Hello guys I could use some advice on whether my approach that I employed in order to apply transfer learning on the resNet50 model is correct, after reading many articles and resources online, it is hard to say if the method I adopted is correct. I should mention that I am using 500 images/labels (with labels ranging from 0-25) to run my model. Let us first go over the first section of building the model, please find the code below:
X_train, X_test, y_train, y_test = train_test_split(files, labels, test_size=0.2)
X_train = np.array(X_train)
X_test = np.array(X_test)
y_train = np.array(y_train)
y_test = np.array(y_test)
input_t = (224, 224, 3)
resnet = ResNet50(input_shape=input_t, weights='imagenet', include_top=False)
for layer in resnet.layers:
layer.trainable = False
So I create my train/test groups and instantiate my resNet50 model.

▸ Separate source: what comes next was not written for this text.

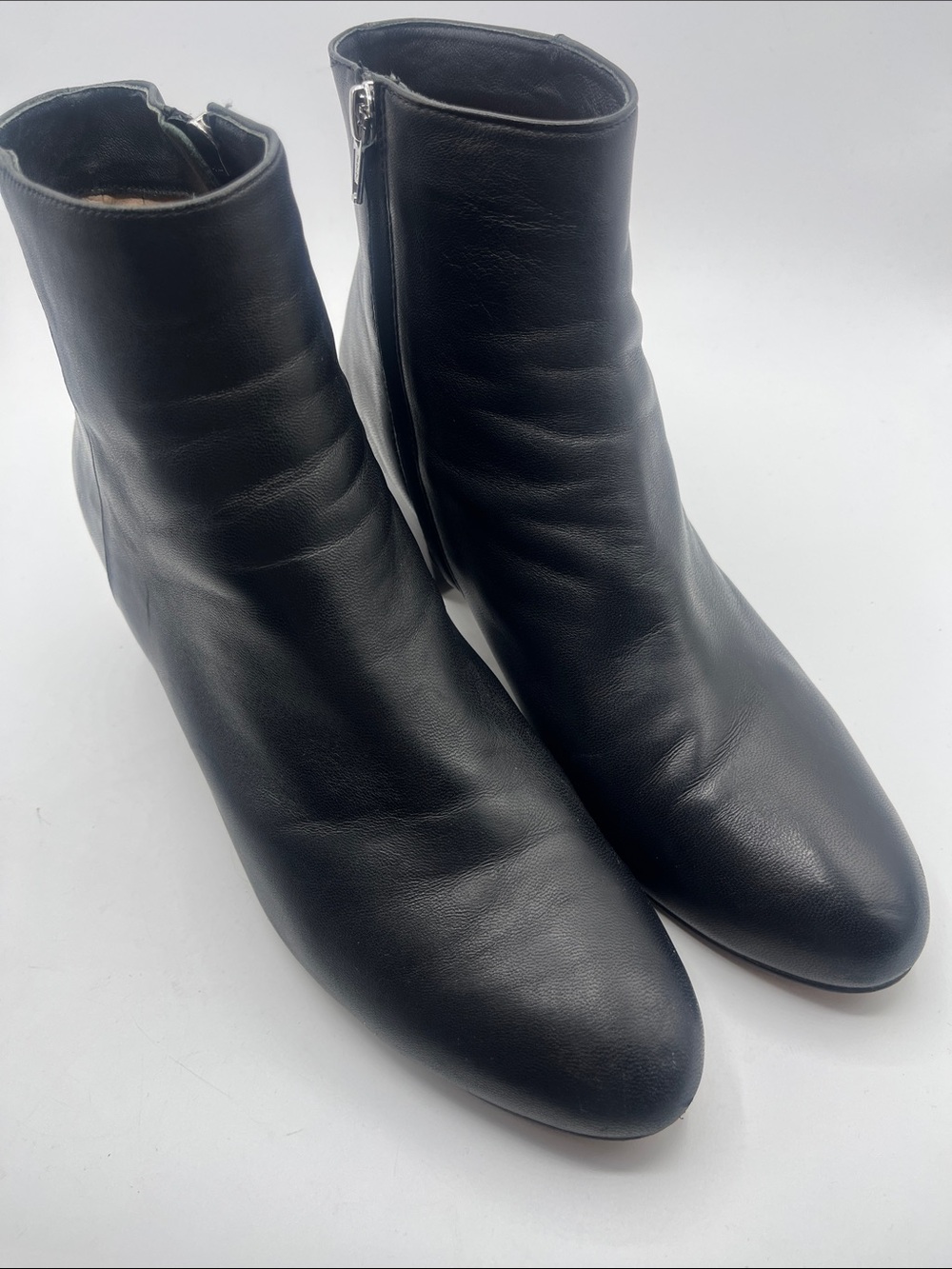 J. Jill Black Leather Rounded-Toe shortBoots with Side Zip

Then I freeze the layers of my model such that they do not have to be trained, however it is unclear to me whether I should freeze all the layers or only a partial amount.
Let us now move on to the next section, please find the code below:
model = tensorflow.keras.models.Sequential()
model.add(tensorflow.keras.layers.Lambda(lambda image: tensorflow.image.resize(image, to_res)))
model.add(resnet)
model.add(tensorflow.keras.layers.Flatten())
model.add(tensorflow.keras.layers.BatchNormalization())
model.add(tensorflow.keras.layers.Dense(256, activation='relu'))
model.add(tensorflow.keras.layers.Dropout(0.5))
model.add(tensorflow.keras.layers.BatchNormalization())
model.add(tensorflow.keras.layers.Dense(128, activation='relu'))
model.add(tensorflow.keras.layers.Dropout(0.5))
model.add(tensorflow.keras.layers.BatchNormalization())
model.add(tensorflow.keras.layers.Dense(64, activation='relu'))
model.add(tensorflow.keras.layers.Dropout(0.5))
model.add(tensorflow.keras.layers.BatchNormalization())
model.add(tensorflow.keras.layers.Dense(26, activation='softmax'))
model.compile(loss='sparse_categorical_crossentropy', optimizer='adam', metrics=['accuracy'])
model.fit(X_train, y_train, batch_size=32, epochs=5, verbose=1, validation_data=(X_test, y_test))
In this section, I essentially add additional layers to the resNet50 model in order to train them on my data. At the end I use a softmax
activation function since my labels range from 0-25, and then finish off by fitting the model on my data.
Please let me know if there are things you agree/disagree with, or any kind of tips/recommendations are also welcomed. Thanks for reading.